Here's the weird thing – I still don't have Meat Puppets II on vinyl, because a good friend of mine in college gave me a homemade cassette. On one side is Blue Cheer – it had a bunch of stuff off Outsideinside and Vincebus Eruptum. And the other side of the cassette had Meat Puppets II. That thing, I would just play it and watch the sun rise, I would play it and watch the sun set. I'd come home from college from classes – I'd go by a local convenience store and buy a couple Buckhorn Beers, a pack of cigarettes, and some string cheese, and go and sit in my bedroom. My bedroom was a sort of walk-in closet and the window faced west. So I laid there eating string cheese and drinking my Buckhorn Beer, and I'd put on Meat Puppets II and watch the sun go down. I had to do that all the time. It tripped me out, and it was the coolest feeling – being mildly intoxicated.
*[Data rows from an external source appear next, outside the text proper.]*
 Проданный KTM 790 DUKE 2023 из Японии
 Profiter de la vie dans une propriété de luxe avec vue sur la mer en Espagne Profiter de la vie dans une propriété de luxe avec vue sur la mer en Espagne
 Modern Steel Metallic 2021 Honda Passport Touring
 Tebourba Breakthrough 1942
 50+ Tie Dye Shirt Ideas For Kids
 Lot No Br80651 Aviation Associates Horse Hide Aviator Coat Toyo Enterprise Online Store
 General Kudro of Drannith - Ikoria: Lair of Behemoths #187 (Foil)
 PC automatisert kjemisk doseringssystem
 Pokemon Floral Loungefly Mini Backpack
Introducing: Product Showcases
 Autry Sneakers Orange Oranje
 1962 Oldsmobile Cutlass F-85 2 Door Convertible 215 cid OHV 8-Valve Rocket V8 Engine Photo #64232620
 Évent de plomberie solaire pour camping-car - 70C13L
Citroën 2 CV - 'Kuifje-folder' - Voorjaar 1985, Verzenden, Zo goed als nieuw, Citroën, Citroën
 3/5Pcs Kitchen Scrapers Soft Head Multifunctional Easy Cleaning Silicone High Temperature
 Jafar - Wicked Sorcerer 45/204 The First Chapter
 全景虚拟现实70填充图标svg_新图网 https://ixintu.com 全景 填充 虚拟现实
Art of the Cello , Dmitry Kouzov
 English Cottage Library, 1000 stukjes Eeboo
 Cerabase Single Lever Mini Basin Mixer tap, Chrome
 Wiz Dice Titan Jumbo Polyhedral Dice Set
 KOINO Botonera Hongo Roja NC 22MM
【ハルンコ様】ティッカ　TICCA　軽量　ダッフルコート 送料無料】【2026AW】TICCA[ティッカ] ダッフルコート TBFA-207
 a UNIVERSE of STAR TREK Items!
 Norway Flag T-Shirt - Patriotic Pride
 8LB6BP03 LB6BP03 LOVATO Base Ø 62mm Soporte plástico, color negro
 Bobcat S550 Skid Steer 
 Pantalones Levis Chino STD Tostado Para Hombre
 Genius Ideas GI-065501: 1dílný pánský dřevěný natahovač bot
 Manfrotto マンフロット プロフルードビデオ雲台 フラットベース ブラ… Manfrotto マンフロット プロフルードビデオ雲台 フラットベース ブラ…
And Meat Puppets II was great if I smoked pot, which I rarely did, but on the occasion I did, I was like, "I've got to listen to the Meat Puppets!" And on the occasion of doing MDMA or anything else that may cross the path of a 22-year-old musician who is a student. That album tripped me out – it seemed to be heavy and wild in these other ways. Psychologically and emotionally. I loved it. It had these elements that I found in the Velvet Underground, the MC5. And that Meat Puppets' second album became not only my favorite Meat Puppets album, but perhaps one of my favorite albums of all time.